Au pas de course, l’Assemblée nationale a adopté une proposition de loi visant à protéger le « secret des affaires ». La loi a étendu ce « secret » au-delà du strict cadre commercial, menaçant journalistes et lanceurs d’alerte, et donc la liberté d’informer.
Mardi 27 mars, alors que s’ouvrait à Luxembourg le procès en appel d’Antoine Deltour à la suite de l’affaire des LuxLeaks, l’Assemblée nationale commençait à débattre de la proposition de loi concernant le « secret des affaires ». Hasard du calendrier ou coïncidence ironique ?
Quoi qu’il en soit, le gouvernement a décidé de passer en force sur une proposition controversée. Sa tactique ? Jouer la carte de la « procédure accélérée ». Sous prétexte de rapidité et d’efficacité, la proposition de loi aura été débattue et votée une seule fois, mercredi 28 mars, à l’Assemblée nationale, par 46 voix contre 20. Le Sénat, mi-avril, n’en parlera que durant une unique session. Contrairement aux propositions de loi ordinaires, il n’y aura pas de navette parlementaire entre les deux Chambres.

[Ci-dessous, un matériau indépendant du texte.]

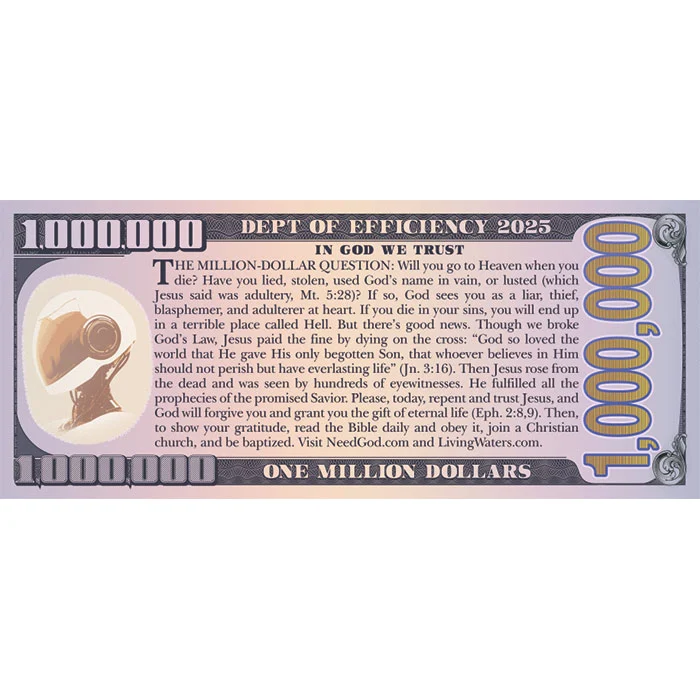 Musk Million Dollar Bill - Image 2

Julie Pecheur, de l’association Pollinis, en pointe de la lutte contre cette loi, raconte les conséquences de cette procédure accélérée chez les législateurs : « Nous avons eu très peu de temps pour alerter les parlementaires. D’autant que certains sénateurs découvrent seulement maintenant l’existence de ce projet. » La rapidité d’exécution de la manœuvre évite, comme le constate amèrement Julie Pecheur, de « lancer un grand débat public ». Interrogé par Reporterre, le député France insoumise François Ruffin, porteur de plusieurs amendements, note deux changements mineurs par rapport à la première version, toutefois insuffisants : « Parmi les dérogations qui permettent d’alerter, on a réussi à introduire la cause environnementale. La nouvelle version accepte aussi de condamner les entreprises qui pratiquent les procédures-bâillons [les procès intentés par de grands groupes à des associations ou des lanceurs d’alerte pour taire tout débat ] à des amendes. En revanche, l’optimisation fiscale et le financement du terrorisme ne feront pas partie des dérogations… »
« Une directive européenne, c’est comme si la parole de Dieu leur était donnée ! »

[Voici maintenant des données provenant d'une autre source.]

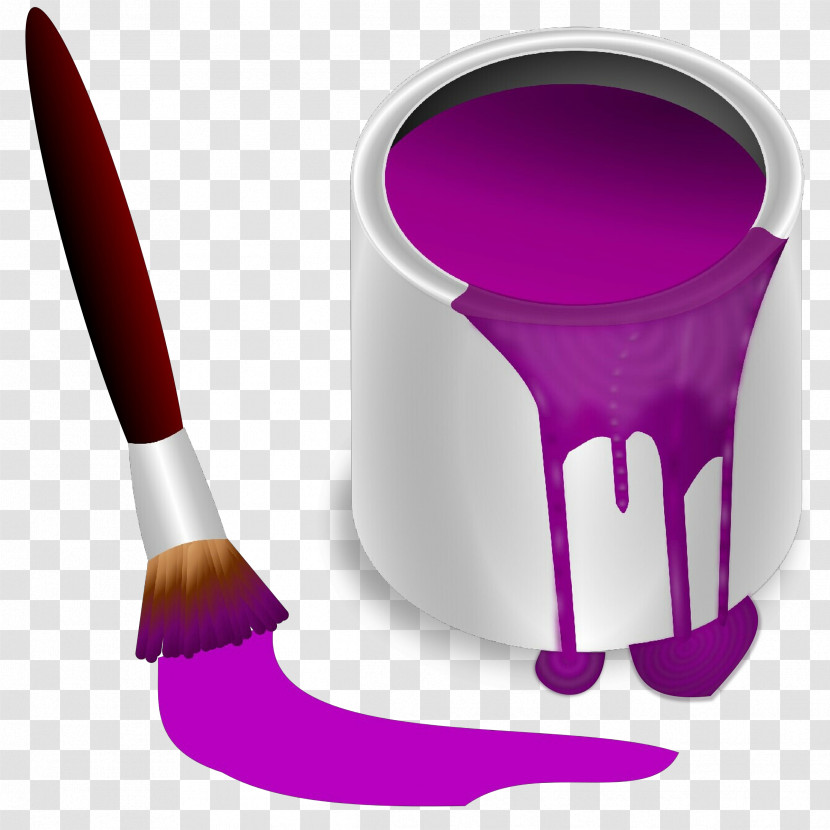 Brush Purple Violet Pink Tool Transparent PNG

Comme son nom complet l’indique, la « proposition de loi portant transposition de la directive du Parlement européen et du Conseil sur la protection des savoir-faire et des informations commerciales non divulgués contre l’obtention, l’utilisation et la divulgation illicites » tire son origine d’une directive de l’Union européenne. Parue en 2016, elle avait une première fois fait son apparition dans la législation française cette année-là, avant qu’une forte mobilisation des journalistes et des citoyens, conduite notamment par Élise Lucet, fît reculer le gouvernement. En conséquence, l’Union européenne repoussa la date limite d’application en France au 9 juin 2018.

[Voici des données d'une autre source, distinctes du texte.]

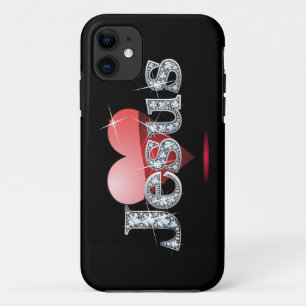 Liebe-Jesus Imitat "Diamant Bling " iPhone 11 Hülle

Toutefois, comme le rappelle Julie Pecheur, la directive européenne « concernait strictement le cadre de la concurrence commerciale, dans le but de lutter contre le piratage de données et l’espionnage industriel », alors que dans l’état actuel, elle s’étend aux canaux d’information que sont les journalistes, lanceurs d’alerte, associations et scientifiques. Les protestations des députés La République en marche (LREM), emmenés par Raphaël Gauvain, qui jurent qu’ils n’ont pas d’autre choix que d’appliquer la directive, fait rire François Ruffin : « Une directive européenne, c’est comme si la parole de Dieu leur était donnée ! » Car celle-ci doit s’appliquer « dans son esprit, et non dans sa lettre », selon la responsable de Pollinis. En d’autres termes : le caractère flou du texte de loi n’a rien d’accidentel, et vise spécifiquement le droit à l’information.